WHAT THIS TASK INVOLVES: With the pictures left out, restate exactly the part below that opens with the line containing "And the way" and closes with the line containing "The term 'social".

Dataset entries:

---*---

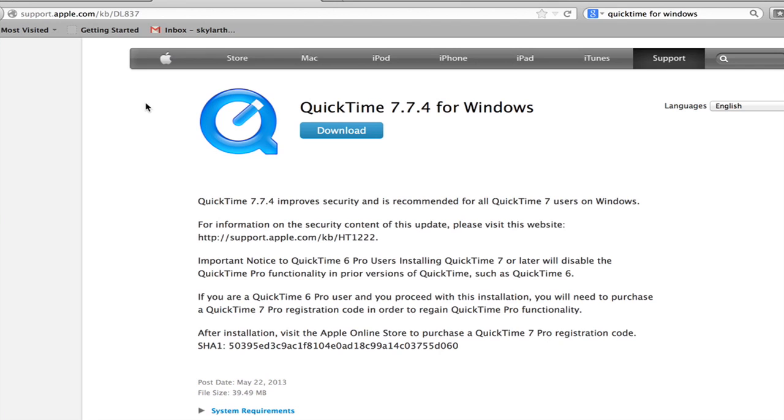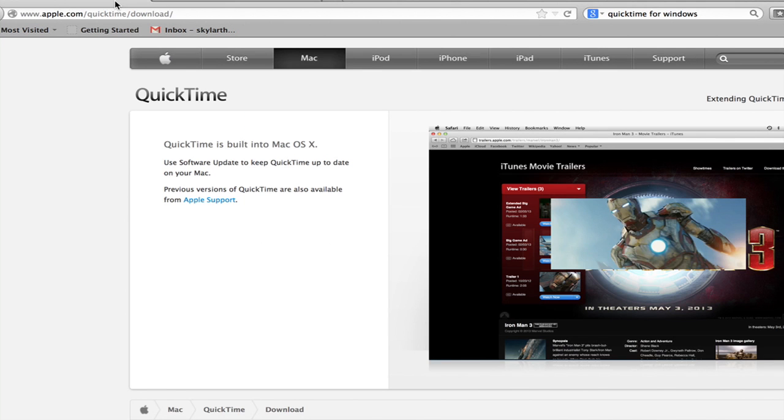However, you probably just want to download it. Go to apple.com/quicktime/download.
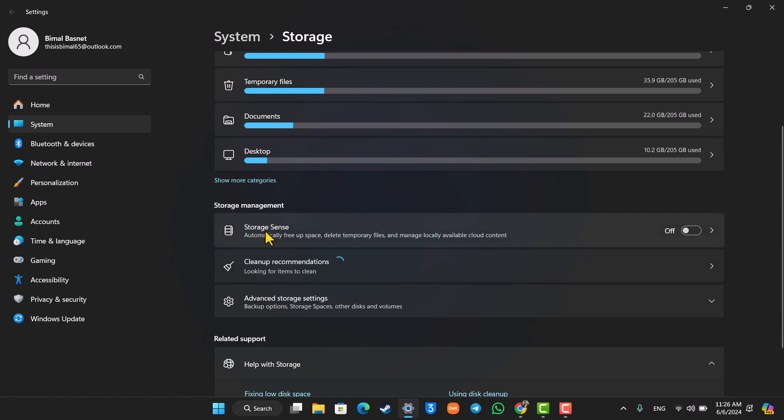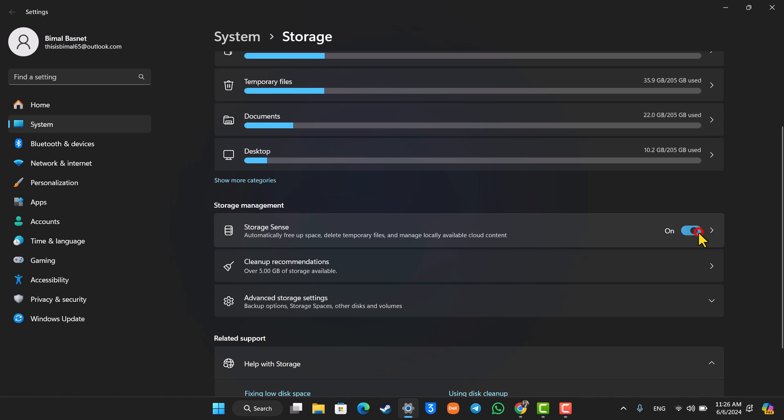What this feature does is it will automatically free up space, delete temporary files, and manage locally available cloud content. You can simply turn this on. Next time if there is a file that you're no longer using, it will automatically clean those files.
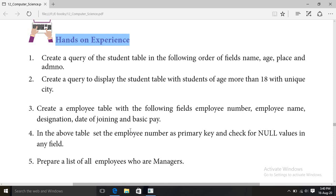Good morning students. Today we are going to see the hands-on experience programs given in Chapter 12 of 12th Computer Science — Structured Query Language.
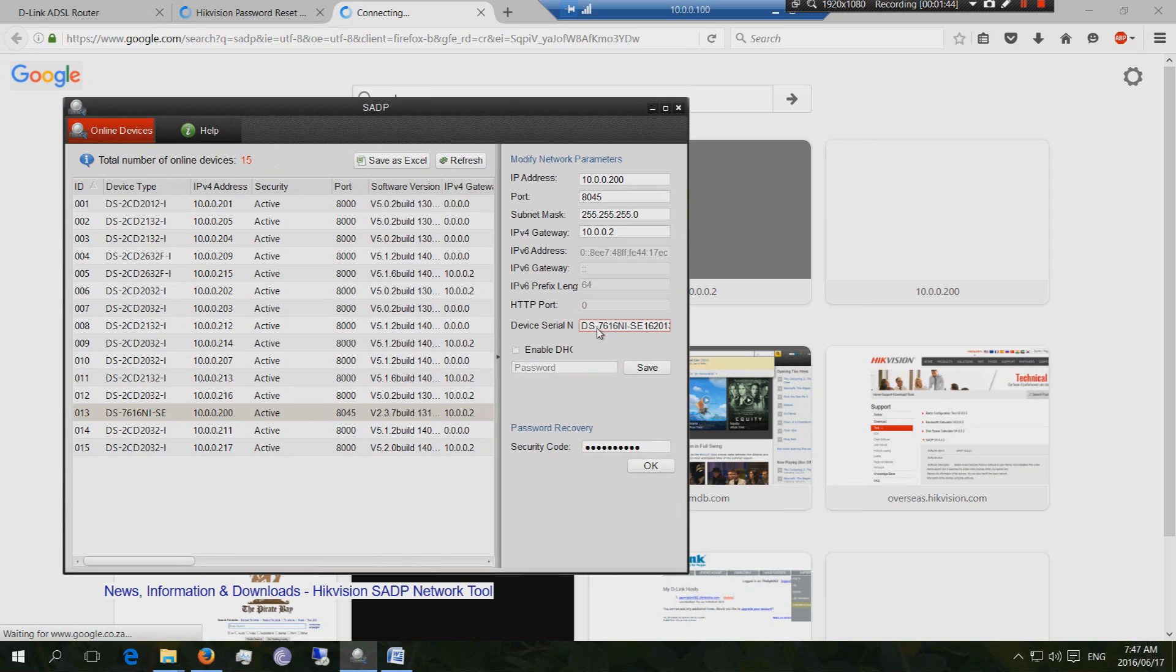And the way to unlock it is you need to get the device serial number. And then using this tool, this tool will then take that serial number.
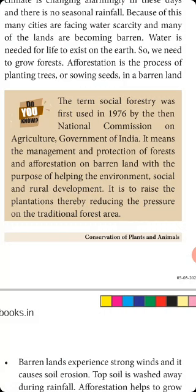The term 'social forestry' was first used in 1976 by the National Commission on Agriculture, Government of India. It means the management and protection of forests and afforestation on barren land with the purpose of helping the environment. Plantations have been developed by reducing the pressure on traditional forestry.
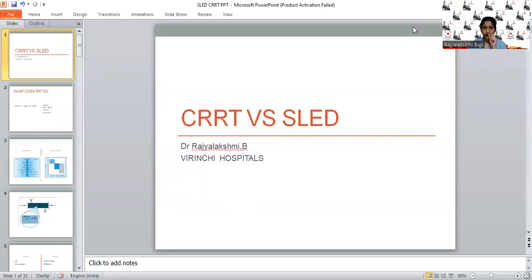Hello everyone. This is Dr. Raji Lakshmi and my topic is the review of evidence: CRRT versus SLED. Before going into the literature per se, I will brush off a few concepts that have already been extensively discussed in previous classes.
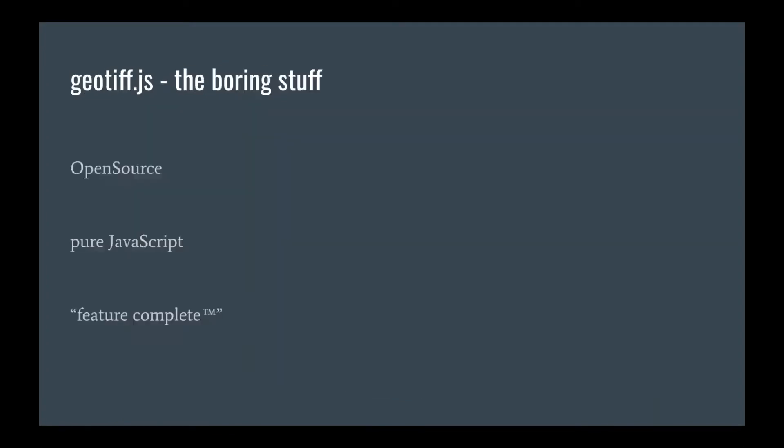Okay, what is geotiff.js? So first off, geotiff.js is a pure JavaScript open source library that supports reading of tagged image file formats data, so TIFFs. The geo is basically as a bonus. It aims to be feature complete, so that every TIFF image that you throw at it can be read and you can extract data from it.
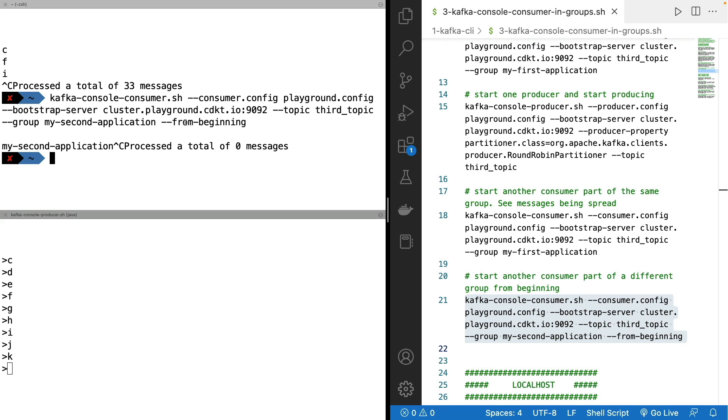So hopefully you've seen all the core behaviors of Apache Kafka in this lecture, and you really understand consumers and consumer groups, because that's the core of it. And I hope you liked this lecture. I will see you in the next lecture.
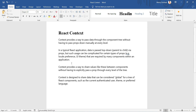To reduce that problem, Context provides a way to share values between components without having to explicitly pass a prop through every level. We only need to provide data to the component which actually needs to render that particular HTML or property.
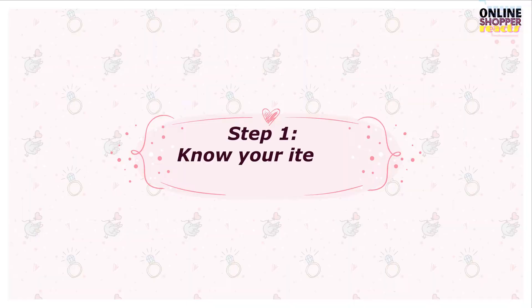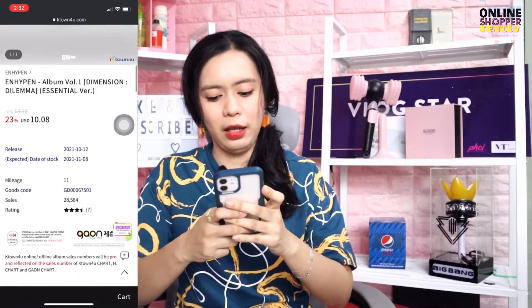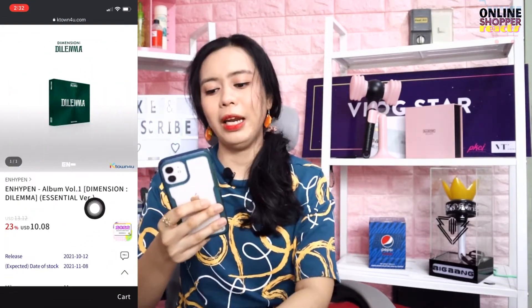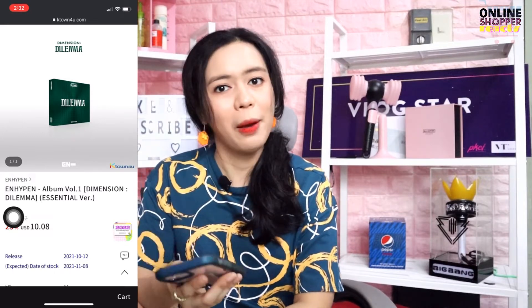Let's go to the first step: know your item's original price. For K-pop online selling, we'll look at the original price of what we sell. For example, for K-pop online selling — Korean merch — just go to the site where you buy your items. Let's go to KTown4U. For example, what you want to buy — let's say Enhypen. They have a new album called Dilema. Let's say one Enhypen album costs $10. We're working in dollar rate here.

---*---

RESULT:
And the way to unlock it is you need to get the device serial number. And then using this tool, this tool will then take that serial number.
The term 'social forestry' was first used in 1976 by the National Commission on Agriculture, Government of India. It means the management and protection of forests and afforestation on barren land with the purpose of helping the environment. Plantations have been developed by reducing the pressure on traditional forestry.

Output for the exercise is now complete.